Lets take an example of the 2% risk rule. Say you have a $1000 account and you want to enter a trade which has a stop loss of 50pips. To calculate your correct position size, 2% of $1000 = $20. You should not risk more than $20 on any trade. So if your stop loss was 50pips you would trade 4 micro lots on this particular trade. Taking into account your Risk to Reward of a minimum of 1:2 you may set a take profit of 100 pips and gain $40. Not exactly the big bucks you came to make in the forex market is it?

Here is an insight to how I handle risk, break the 2% risk rule and still end up profitable. When I just started trading I realised I wasn’t really getting anywhere, I was profitable but putting in 50 hours a week and making $60 wasn’t why I started trading forex. Hence I decided it was time to change things around a bit. I was making Pips but not making the dollars I wanted to make. So I gradually increased my position sizing.

I went back to my trading journal and realised there was not a single month where I had a net loss of more than 300 Pips. This was a very encouraging for me. I continued trading for a few more months after which came the big adjustment. My journal showed me that with my  price action strategy it was REALLY difficult to loose 1000 pips on the trot! So I ignored my account balance and started trading with pips, i.e. I took my account balance to be 1000 pips and trade with that.

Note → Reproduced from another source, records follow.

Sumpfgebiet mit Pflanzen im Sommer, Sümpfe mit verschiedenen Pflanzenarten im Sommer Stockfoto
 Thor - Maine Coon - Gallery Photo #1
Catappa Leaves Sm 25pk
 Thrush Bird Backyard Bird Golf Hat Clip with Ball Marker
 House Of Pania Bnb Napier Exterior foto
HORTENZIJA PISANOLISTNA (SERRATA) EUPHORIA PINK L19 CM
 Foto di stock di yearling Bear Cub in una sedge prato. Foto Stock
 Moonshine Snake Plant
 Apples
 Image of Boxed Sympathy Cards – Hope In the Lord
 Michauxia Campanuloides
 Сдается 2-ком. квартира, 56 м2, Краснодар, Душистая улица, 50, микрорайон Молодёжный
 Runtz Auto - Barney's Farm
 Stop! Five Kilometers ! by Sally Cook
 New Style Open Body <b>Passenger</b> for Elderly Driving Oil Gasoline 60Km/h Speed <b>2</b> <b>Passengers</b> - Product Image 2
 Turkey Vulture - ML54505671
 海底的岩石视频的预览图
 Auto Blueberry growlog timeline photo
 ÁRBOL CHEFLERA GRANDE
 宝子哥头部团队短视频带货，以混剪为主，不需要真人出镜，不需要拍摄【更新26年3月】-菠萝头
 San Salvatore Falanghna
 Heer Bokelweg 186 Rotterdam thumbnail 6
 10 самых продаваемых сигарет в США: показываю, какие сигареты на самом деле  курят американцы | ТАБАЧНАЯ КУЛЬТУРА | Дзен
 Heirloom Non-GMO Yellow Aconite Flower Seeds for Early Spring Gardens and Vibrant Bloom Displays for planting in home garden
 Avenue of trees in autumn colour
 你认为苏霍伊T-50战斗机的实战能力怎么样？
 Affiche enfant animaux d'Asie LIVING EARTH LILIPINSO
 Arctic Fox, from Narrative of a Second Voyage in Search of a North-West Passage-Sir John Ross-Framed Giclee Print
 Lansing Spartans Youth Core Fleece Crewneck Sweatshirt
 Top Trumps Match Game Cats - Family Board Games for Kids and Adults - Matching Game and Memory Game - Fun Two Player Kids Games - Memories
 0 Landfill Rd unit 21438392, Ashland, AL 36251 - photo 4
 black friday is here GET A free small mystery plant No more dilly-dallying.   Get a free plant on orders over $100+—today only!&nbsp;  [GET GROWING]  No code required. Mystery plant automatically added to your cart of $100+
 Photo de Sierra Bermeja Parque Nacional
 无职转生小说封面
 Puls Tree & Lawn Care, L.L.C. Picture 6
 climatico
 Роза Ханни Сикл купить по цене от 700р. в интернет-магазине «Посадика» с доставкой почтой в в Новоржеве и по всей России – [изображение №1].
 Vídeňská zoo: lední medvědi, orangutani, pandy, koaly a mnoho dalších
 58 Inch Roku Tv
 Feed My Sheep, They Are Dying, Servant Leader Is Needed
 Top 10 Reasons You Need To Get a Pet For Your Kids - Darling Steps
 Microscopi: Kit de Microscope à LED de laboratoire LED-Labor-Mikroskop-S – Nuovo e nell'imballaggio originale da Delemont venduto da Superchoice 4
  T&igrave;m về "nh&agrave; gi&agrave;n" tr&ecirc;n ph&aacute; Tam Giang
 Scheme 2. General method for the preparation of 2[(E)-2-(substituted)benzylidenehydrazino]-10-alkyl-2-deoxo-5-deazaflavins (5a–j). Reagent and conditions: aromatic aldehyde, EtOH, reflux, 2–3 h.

Going back to our original example, you have a $1000 trading account. Convert that to 1000 pips and it means you have $1 for every pip. Most brokers when you trade a mini lot give you round about $1 per pip on most currency pairs. So going back to the same trade above with a stop loss of 50 pips I would trade 1 mini lot, be prepared to loose $50 and gain at least $100! Incase my stop loss does get taken out I would still have 950 pips to play with. Extremely unlikely to loose 1000 pips on the trot!